(Crawled caption data)
[Start of Attachment]

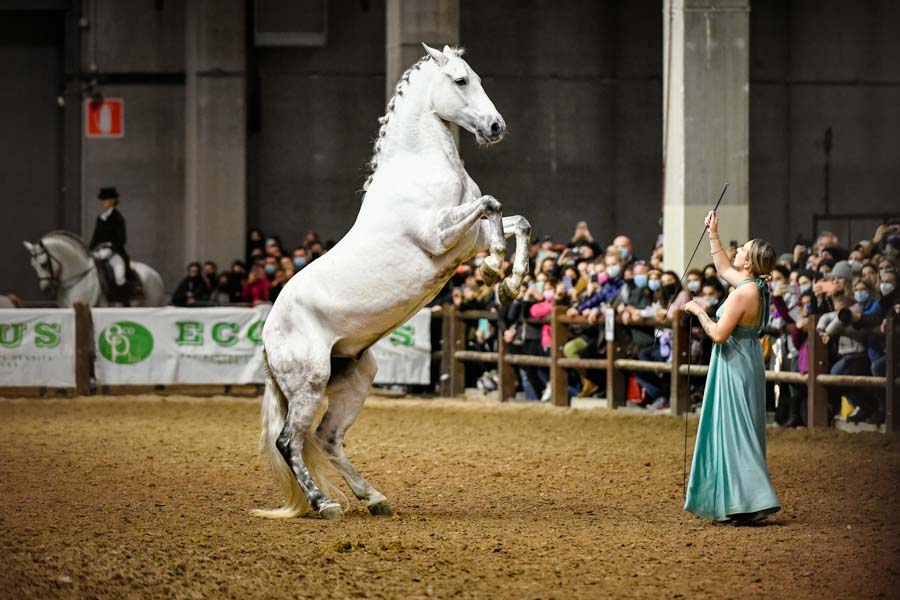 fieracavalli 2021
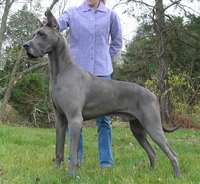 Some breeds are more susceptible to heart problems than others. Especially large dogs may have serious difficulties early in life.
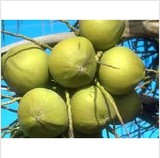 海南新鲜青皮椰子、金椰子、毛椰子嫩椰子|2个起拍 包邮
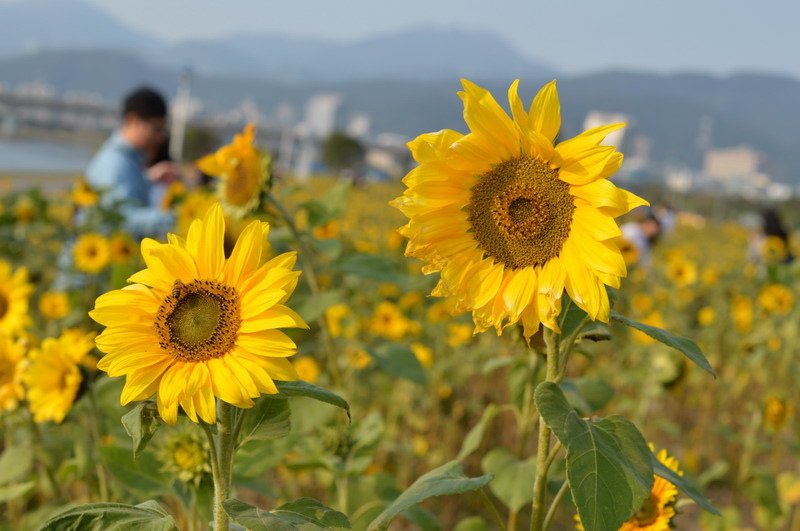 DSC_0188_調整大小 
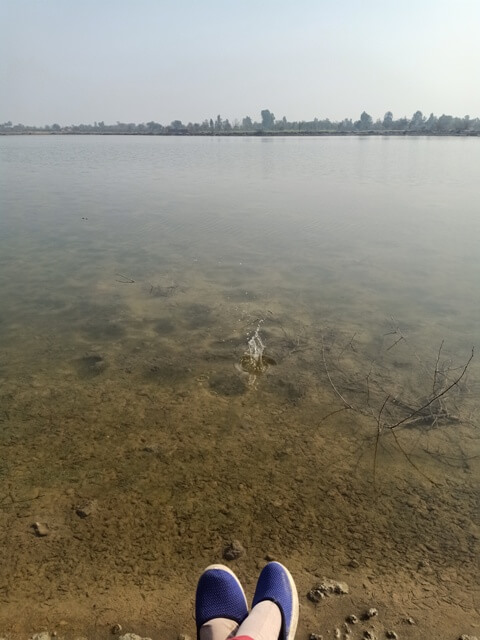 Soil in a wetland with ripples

[End of Attachment]

> Directions for this task
Starting with the line that contains "Some breeds are", give the lines again exactly as they appear through the last line of the data, pictures excluded.

> Response area
 Some breeds are more susceptible to heart problems than others. Especially large dogs may have serious difficulties early in life.
 海南新鲜青皮椰子、金椰子、毛椰子嫩椰子|2个起拍 包邮
 DSC_0188_調整大小 
 Soil in a wetland with ripples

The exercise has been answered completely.